Bilecik'in Söğüt ilçesinde, Ertuğrul Gazi'nin sırdaşı ve kâtipliğini yapan Sırhoca'dan adını alan 600 yıllık köyde in cin top oynuyor. Birçok evin yıkıldığı, yıllar önce kapanan ilkokula kuşların yuva yaptığı, sokaklarında sadece kedilerin gezdiği köye dönüş olmazsa tarih sahnesinden silinecek.
Tarihi 1400'lere dayanan köyün eski adı 1487 kayıtlarında Kavacık olarak geçiyor. 1928'de Sırhoca olarak değişiyor. 1210-1280 yılları arasında yaşamış ve Ertuğrul Gazi'nin sırdaşı olan kâtipliğini yapan Sırhoca'nın türbesi yaklaşık 20 yıl önce yapıldı. Üç yıl önce Korunması Gerekli Taşınmaz Kültür Varlığı olarak tescil edilen türbenin bahçesinde, bir mezar daha bulunuyor.
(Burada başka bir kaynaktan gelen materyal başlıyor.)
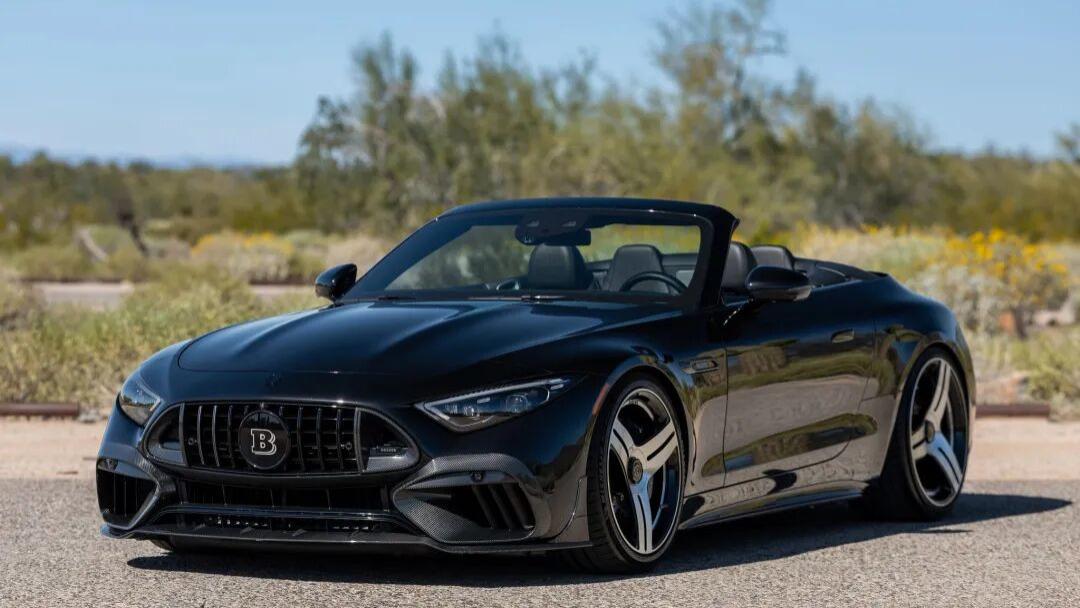 这台近乎全新的巴博斯SL63，价格跌了17万美元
Mezar taşında "Ali Dayı kış nedeniyle buraya defnedildi. Ö. 1874" yazısı bulunuyor.
Köyde iki ayrı cami minaresi bulunuyor. Birinin şerefesi kopuk, diğerinin tarihi çok eski olduğu için yarısı yıkık. Minarenin tabanında eski yazılı mermer taşları bunuyor. Köy kahvesindeki masa ve sandalyeler halen yerinde dururken 1957'de yapılan ikinci cami cemaatini bekliyor. Ayakta kalan ve birkaç evin kapılarının kilitli olduğu ve bazı evlerin ahır olarak kullanıldığı köyün tek sakinleri ise sokakta gezen kediler. Bugün 22 bin hektarlık alanı olan ve bu toprağın büyük bir kısmının altın madeni işletmesi tarafından satın alınan köyde, tam bir ıssızlık hâkim.
Söğüt'e 2 kilometre uzaklıktaki köyün çoğu sakini, yıllar önce iş bulma umuduyla başka yerlere göç etmiş. Köylüler "Kimse köyde durmak istemiyor. Yaşlılar zaten ilçeye ya da şehre çocuklarının yanına taşındılar ya da ev aldılar. Hayvanları olanlar hayvanları için köye gidip geliyorlar. Geçmişte bir ara köy yanmış ama tekrar inşa etmişler. Şu an bahçesi olan birkaç kişi köye gidip geliyor. Ayrıca yılda bir kez Hıdırellez zamanı Sırhoca Türbesi'nde pilav dağıtılıyor ve o zaman bütün köy yine bir araya geliyor" dediler.